Dans le travail de Vincent Olinet, ce qui crée l’ambigüité entre ce monde parfait et le résultat présenté est justement le fait qu’il s’appuie sur une certaine forme de faillite de la reproduction. Ce qui est jubilatoire ici, c’est que c’est précisément cela, cet à peu près, ce fait-maison, qui crée la poésie. Ni ébéniste, ni menuisier, encore moins joaillier, couturier ou marqueteur, Vincent Olinet tente pourtant l’excellence dans un combat perdu d’avance mais dont la réussite ne tient qu’à ce déséquilibre subtil entre la beauté attendue et son fini approximatif. Par exemple, Notre époque a la poésie qu’elle mérite, une couronne royale démesurée qui rappelle les changements d’échelle d’Alice au pays des merveilles, a subi un coup de moins bien : le fort agrandissement a aboli l’orfèvrerie, les pierres ne sont que semi-précieuses et l’or s’est mué en laiton. Le tout conférant à l’objet un aspect « jouet en toc ».

La désillusion ainsi provoquée questionne aussi notre difficulté, arrivés l’âge adulte, à retrouver la naïveté nécessaire à l’accession à l’émerveillement absolu, pourtant si bien connu plus tôt, dans le monde de l’enfance. En ce sens, les pièces de Vincent Olinet soulignent la fuite du temps et, si elles ne sont ni sabliers, ni crânes, ni bougies, elles démontrent là un sournois rapport aux vanités. Si certaines de ses œuvres effectivement se gâtent, fanent ou pourrissent, toutes nous rapprochent un peu d’un précipice dont le bord s’effrite inexorablement… car toutes sont la mise à nu d’une innocence perdue.
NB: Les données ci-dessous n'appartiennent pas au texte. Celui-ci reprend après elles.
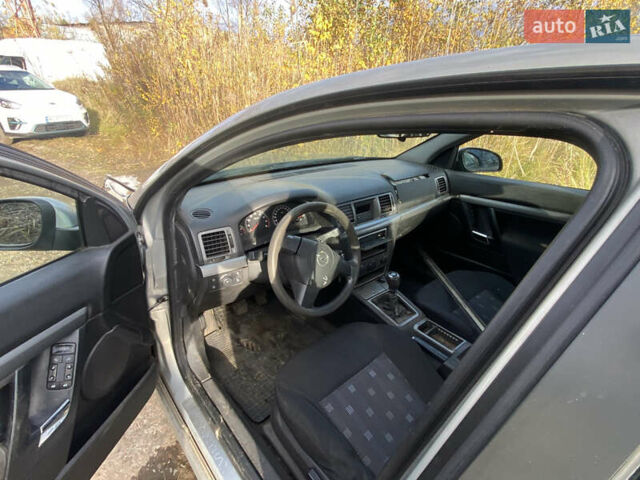 Сірий Опель Вектра, об'ємом двигуна 1.8 л та пробігом 240 тис. км за 2400 $, фото 2 на Automoto.ua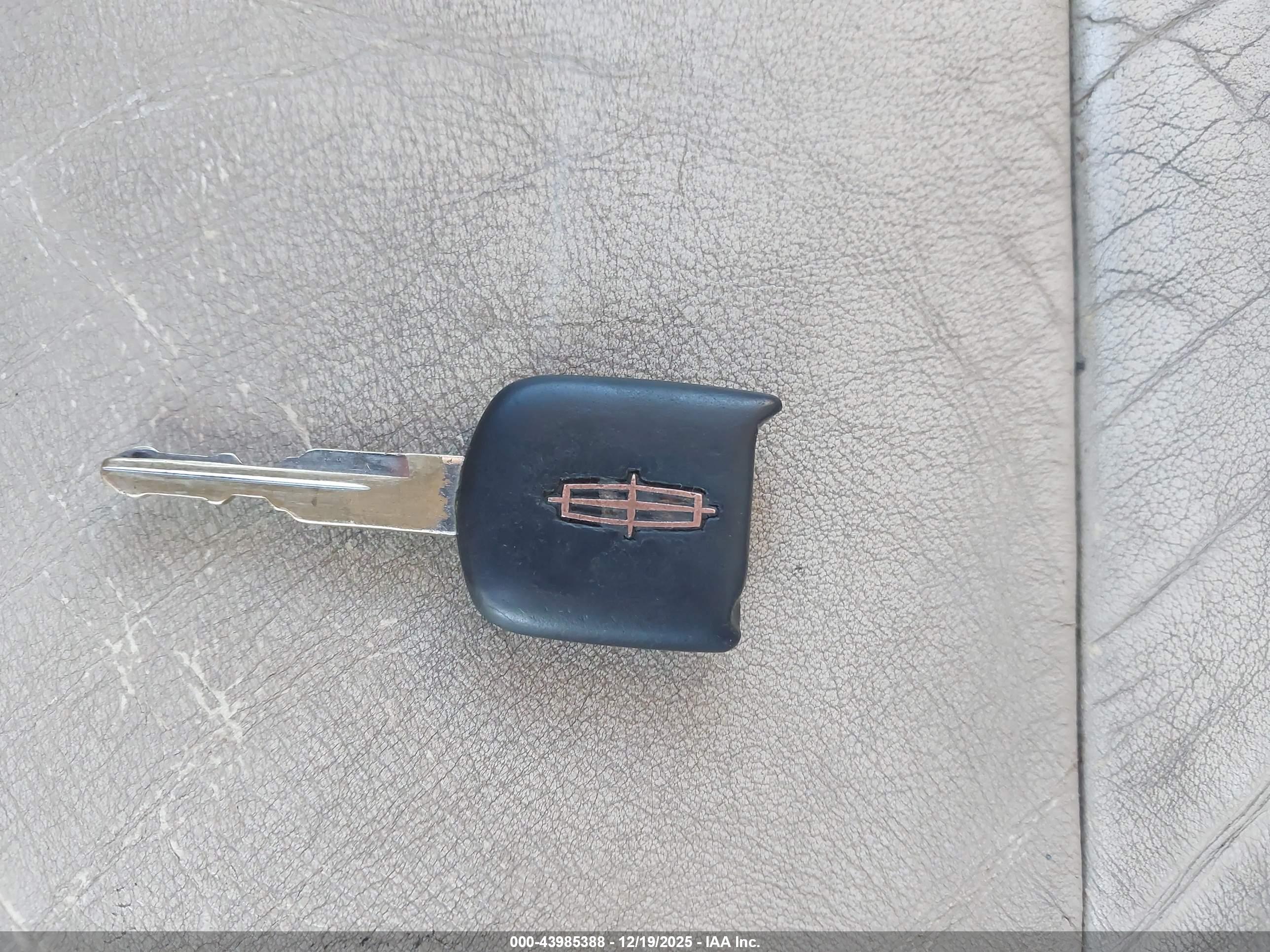 LINCOLN TOWN image 11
Dans l’exposition présentée à In extenso, Vincent Olinet a choisi de surjouer ce rapport à l’homme en présentant des pièces dressant un portrait humain en creux. Autour de la couronne, se dressent un ensemble de balais trouvés dans la rue et « anthropomorphisés » à l’aide de chevelures postiches. After the waves / The waifs / Irina, Svetlana, Tatiana et Anastasia, évoque dans un jeu de mot subtil – mais difficilement traduisible en français – un aller-retour improbable entre le mythe de l’orphelin et le cynisme dépeint dans les magazines people ; le terme waif désignant aussi bien un enfant abandonné, livré à la rue, qu’une jeune top model rachitique. Enfin, suspendue dans l’espace, une chemise confectionnée à partir de trois carrés Hermès dans lesquels l’artiste à coupé à vif, dévoile également, lorsqu’on s’attarde dans le détail, la distance infinie entre le façonnage de l’artiste et la qualité suprême des tissus et des imprimés. Cette œuvre, dessinée à partir des propres mensurations de l’artiste, confère à l’ensemble de l’exposition le caractère d’un autoportrait assumé à la manière d’un monde, un monde que l’artiste endosse ici sous le pseudonyme de VVincent OOlinet.

Marc Geneix

1 Entretien de Vincent Olinet avec Timothée Chaillou in Standard – N°31, April/June 2011- Unabridged version

Vincent Olinet est né en 1981 à Lyon, il vit et travaille à Bruxelles.

Il est diplômé de l’Ecole Nationale des Beaux-Arts de Lyon, et en 2006-2007 il était en résidence à la Rijksakademie, Amsterdam.

Il est représenté par la galerie Laurent Godin, Paris, et la galerie Ruth Leuchter, Düsseldorf.